DATA SECTION below:

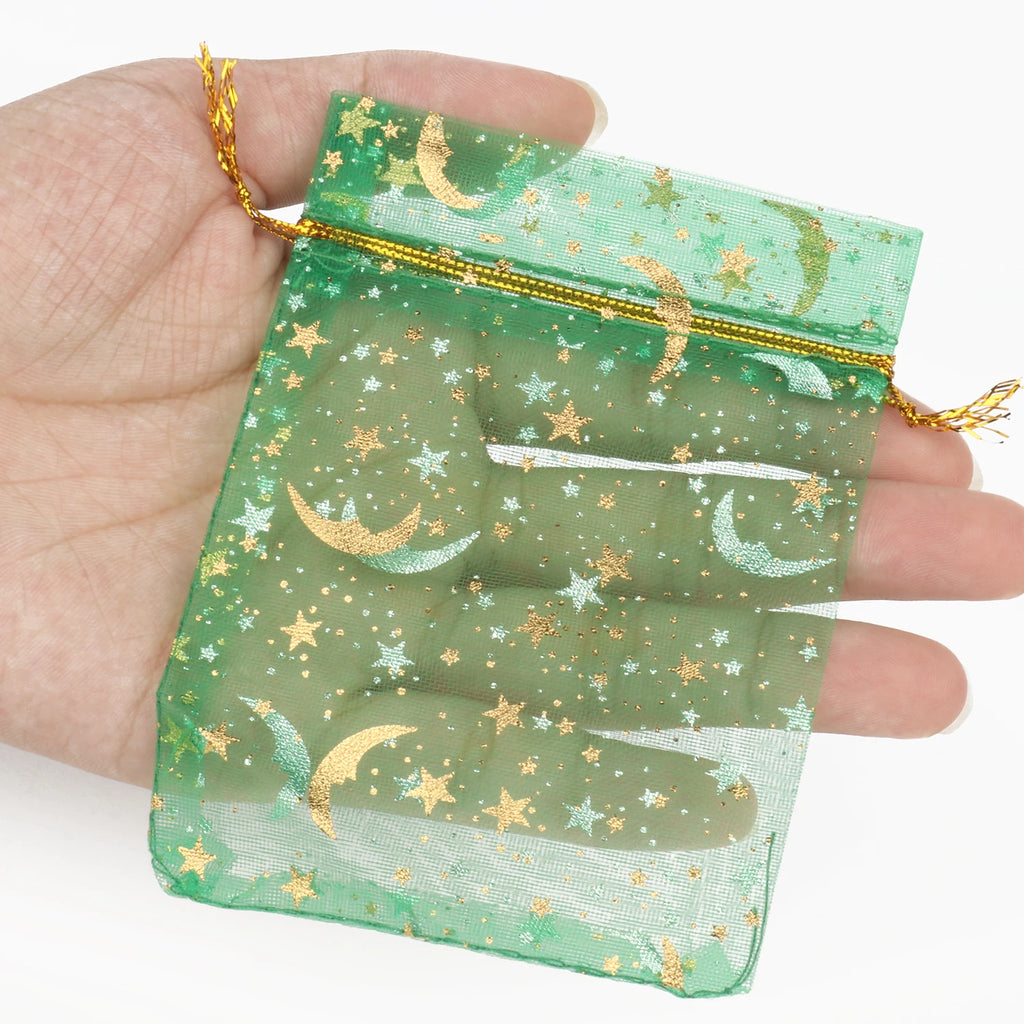 Star Moon Organza Drawstring Bags – Gift Packaging for Jewelry and Weddings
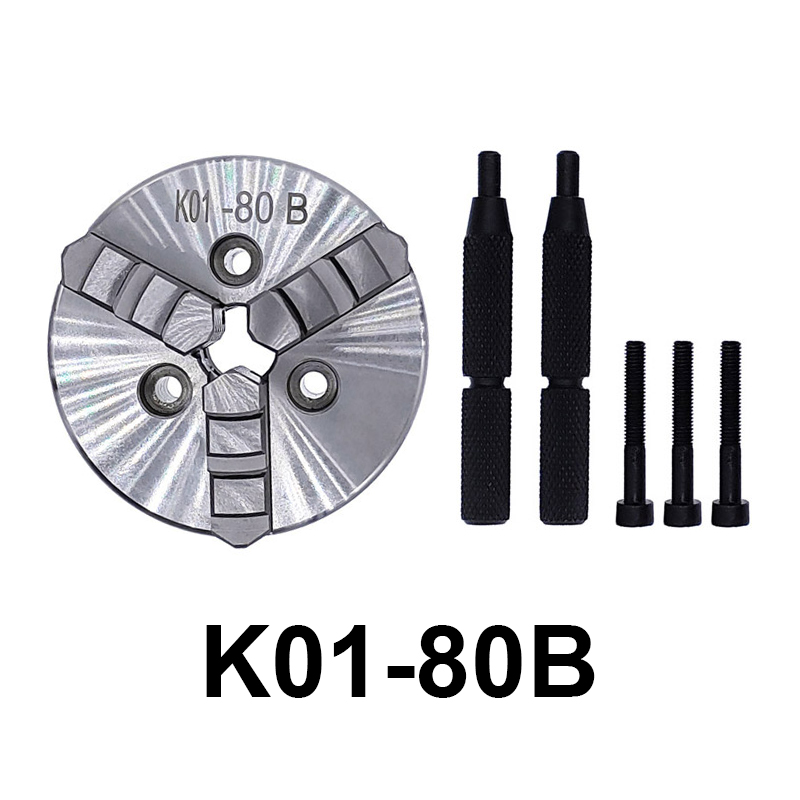 K01-50 63 80 Lathe Mini Chuck 3 Jaws Woodworking Hand Chuck with Mounting Thread Screw Rod Self-Centering Lathe Chuck Tool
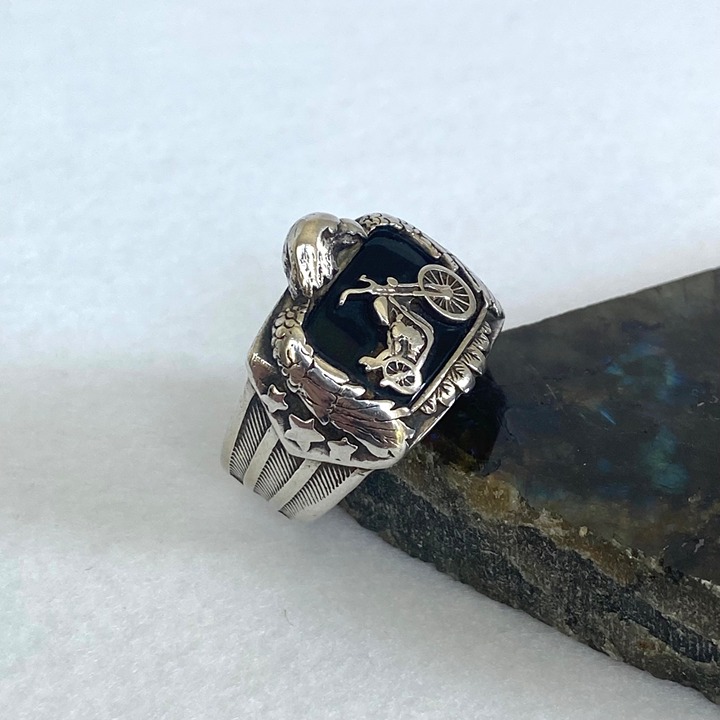 Sterling Silver 925 BGE Heavy Black Onyx Motorcycle Eagle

End of DATA SECTION.

* **TASK PROMPT**
Your copy should hold all the data word for word. It should hold no pictures.

* **RESPONSE AREA**
 Star Moon Organza Drawstring Bags – Gift Packaging for Jewelry and Weddings
 K01-50 63 80 Lathe Mini Chuck 3 Jaws Woodworking Hand Chuck with Mounting Thread Screw Rod Self-Centering Lathe Chuck Tool
 Sterling Silver 925 BGE Heavy Black Onyx Motorcycle Eagle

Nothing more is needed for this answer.